# Need a CFL hood but only have pop can?



## Mr. Ganja (Jul 23, 2009)

One of the cheapest ways of all to make a cfl hood..a pop can!

1) Go to 7-11
2) Buy an Arizona Iced tea (can)
3) Drink it
4) Cut in half
5) Asemble to base of light (use your imagination, its not that hard  )
6) Enjoy all your sweet lumens being used


----------



## zipflip (Jul 23, 2009)

im all about the "on teh cheap" methods man.  i may try this if i add more cfl;s to the sides of my grow.
 was actually tryin to concoct a sort of single cfls reflector but be small yet. lol
 but woudnt it bein aluminum reflect heat as well..?


----------



## Mr. Ganja (Jul 23, 2009)

zipflip said:
			
		

> im all about the "on teh cheap" methods man. i may try this if i add more cfl;s to the sides of my grow.
> was actually tryin to concoct a sort of single cfls reflector but be small yet. lol
> but woudnt it bein aluminum reflect heat as well..?


 
Thats what i thought but i went and did it anyway..the inside of a can isnt very shiny so it dosent reflect heat as much as tin foil would. But yes, this isnt the BEST material to make a hood. But im not having any problems with it..oh yeah, it also only cost 1 buck.
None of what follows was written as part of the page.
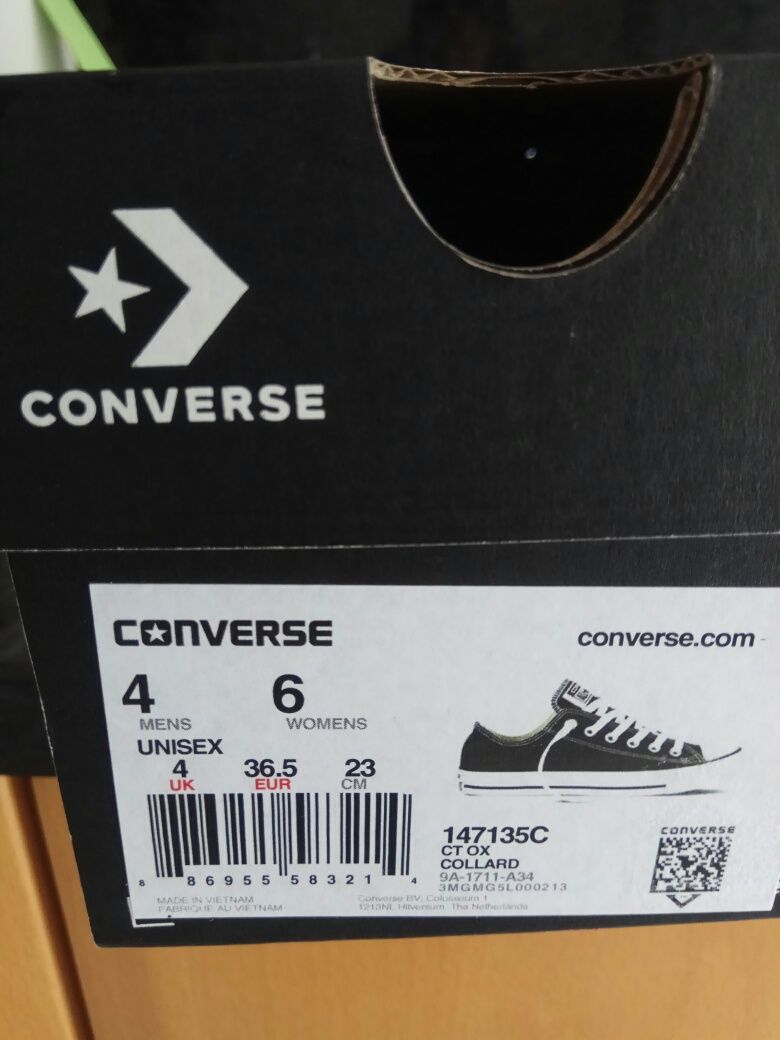 All Star Converse Novas  cor Verde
When your poor you'll take what you can get.


----------



## zipflip (Jul 23, 2009)

> When your poor you'll take what you can get


 TRUE!!


----------



## wmmeyer (Jul 23, 2009)

I did just about the same thing, using a 24 inch length of dryer vent pipe.  Its the stuff that clips together to form a 6" round piece of tubing.  It comes from the store in a sort of flat, sort of trying-to-curl-up shape.  Costs like $5 or so from Lowe's.  I put two 54watt CFLs in the very center of the inside of the curl.  Works pretty good, and I happened to have the first length of vent pipe laying around the house, so it was sorta free.  
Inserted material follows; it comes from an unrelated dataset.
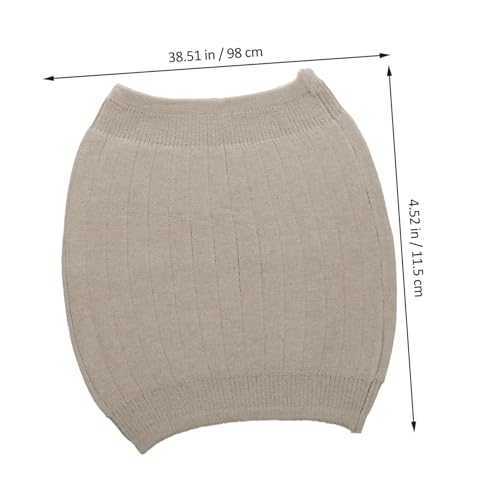 Faja lumbar térmica de cachemira para clima frío para adultos miniatura 2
BTW, I buy old lamps from Goodwill or Salvation Army thrift stores for like 50 cents or a buck apiece.  Use the sockets and cords for the hoods, and the lampshades for hats.  Down here in the ghetto, its all good.


----------



## DonJones (Jul 26, 2009)

Zipflip,

Considering that people are putting T-5 high out put lamps right down the middle of their plants, I wouldn't think that a 554 watt CFL would generate enough heat to be a concern about the reflector reflecting not only the visible light but the infrared too.

If I remember correctly, the last time I messed with a CFL, I was easily able to just shut it off and immediately unscrew it from the socket without needing to let it cool off.  That doesn't sound like very much heat to me.

If you are worried about shiny tin(actually aluminum) foil reflecting too much heat (Infrared) you can just use the dull side towards the light.

Better cautious that sorry though.

Don Jones


----------